Photo: Cooking Channel

This past weekend I was watching a special on The Cooking Channel and saw this recipe for Limoncello.  It is one of my favorite after dinner drinks and also I love to use it’s bold, yet sweet, lemon flavor in a few of my favorite pastries.  It takes a little over 3 weeks to be ready to use, so I will have to wait a  little while to enjoy, but if anyone cares to make it, I will be sure to post a few recipes using this delightful beverage later this spring!

Ingredients

 

  • 7ripe lemons, thoroughly washed and dried
  • 4 1/4 cups 95-percent alcohol (1 liter)
  • 1 pound sugar

Directions

Shave off the yellow parts of the lemon rinds using a potato peeler, and then put them into a large glass bottle with the alcohol.

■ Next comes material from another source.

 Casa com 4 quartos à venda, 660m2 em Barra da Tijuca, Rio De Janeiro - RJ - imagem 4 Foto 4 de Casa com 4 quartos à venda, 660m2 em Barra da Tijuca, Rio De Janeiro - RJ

Cover the bottle with plastic wrap to prevent evaporation and let rest 12 days at room temperature.
Bring 4 1/4 cups water to a boil, and then remove from the heat and stir in the sugar until completely dissolved. Let cool. Strain out the alcohol, discarding the rinds, and stir into the sugared water. Pour into a sealed glass bottle and let sit an additional 10 days.
After 10 days, the limoncello is ready. It is best served chilled as a digestive after a meal.